WHAT YOU HAVE TO DO => The pictures in the data below are to be omitted; all else must be duplicated exactly.

THE DATA =>
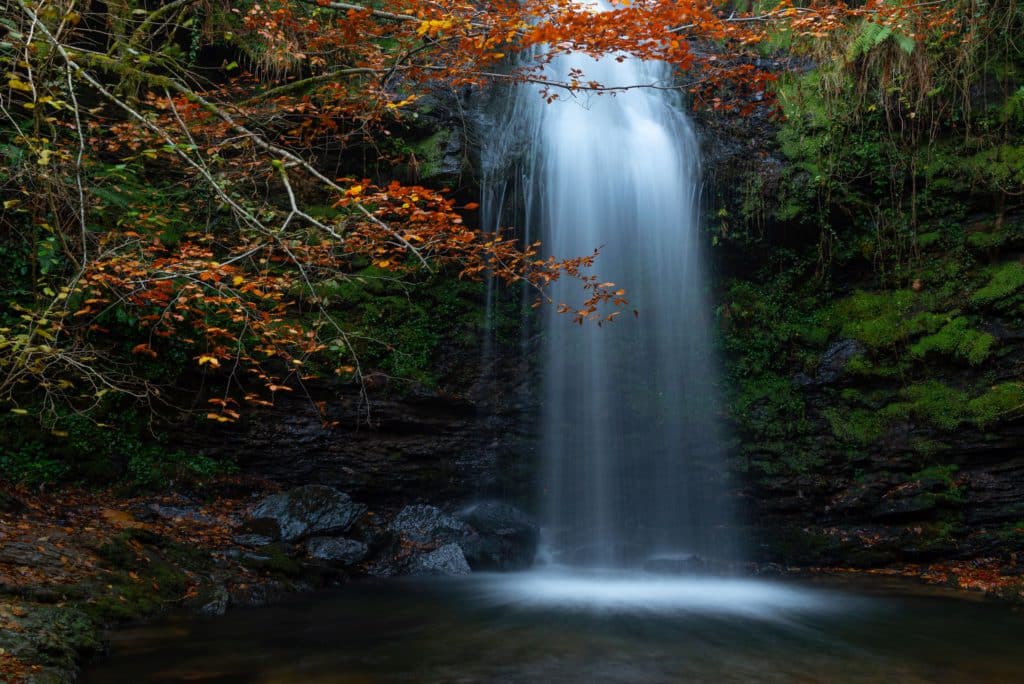 Rutas de senderismo por Cantabria: cascada lamiña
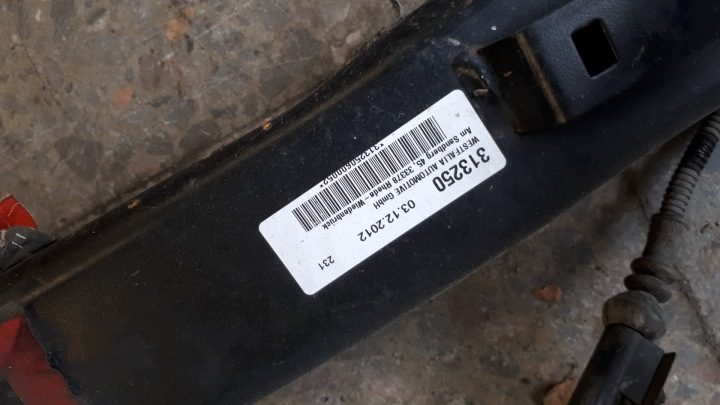 Фаркоп Mercedes w204 универсал a2043101004, фото 6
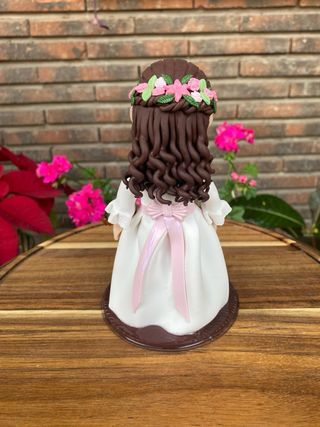 Figura niña comunión personalizada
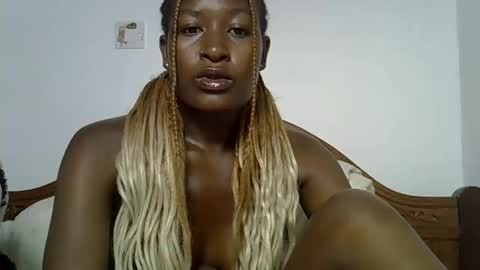 venom_kisses5050 online show from February 12, 12:51 pm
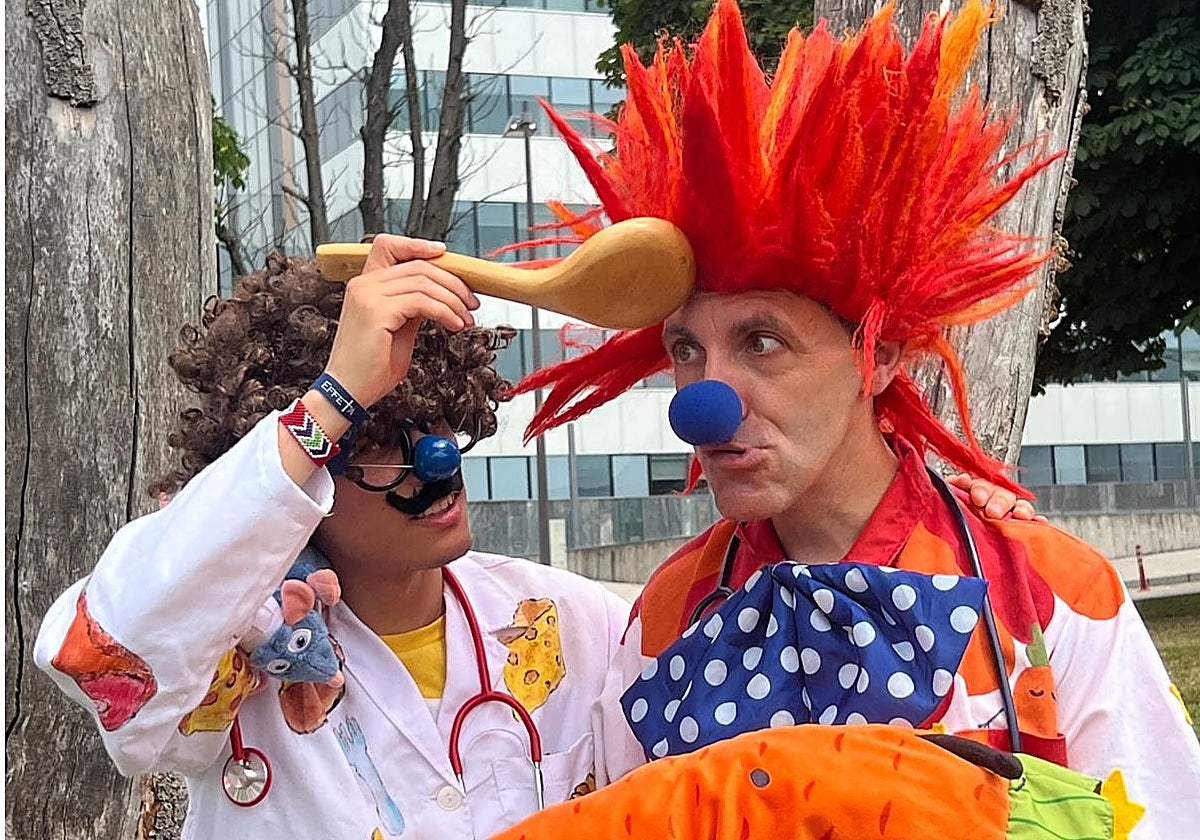 El 'Doctor Zanahorio', Javier Álvarez, con su hijo Frank, conocido como el 'Doctor Cachopo'.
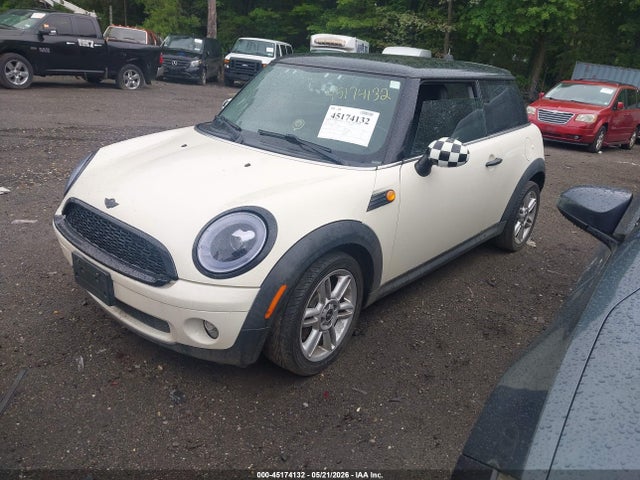 Aukcja sprzedaży 2010 Mini Cooper, vin: WMWMF3C56ATZ61823, numer aukcji: 45174132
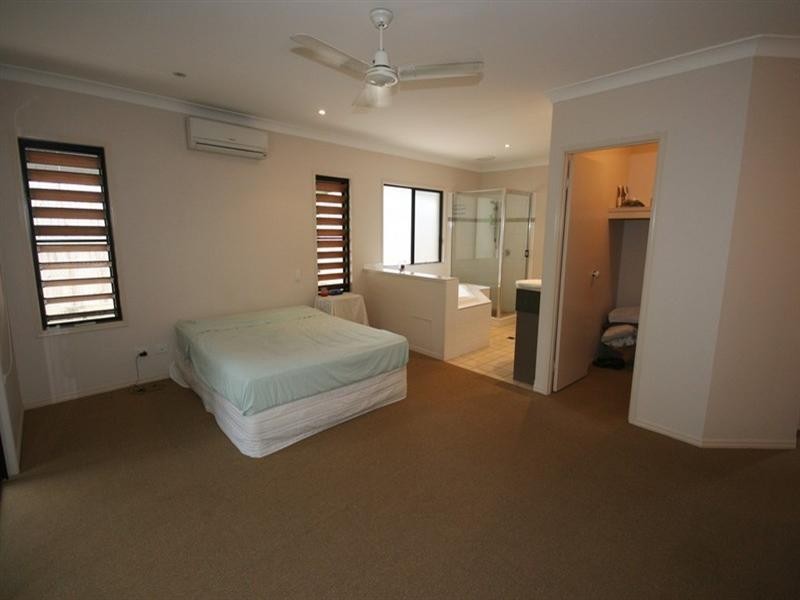 33 Sanctuary Avenue, Jubilee Pocket QLD 4802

RESPONSE BELOW =>
 Rutas de senderismo por Cantabria: cascada lamiña
 Фаркоп Mercedes w204 универсал a2043101004, фото 6
 Figura niña comunión personalizada
 venom_kisses5050 online show from February 12, 12:51 pm
 El 'Doctor Zanahorio', Javier Álvarez, con su hijo Frank, conocido como el 'Doctor Cachopo'.
 Aukcja sprzedaży 2010 Mini Cooper, vin: WMWMF3C56ATZ61823, numer aukcji: 45174132
 33 Sanctuary Avenue, Jubilee Pocket QLD 4802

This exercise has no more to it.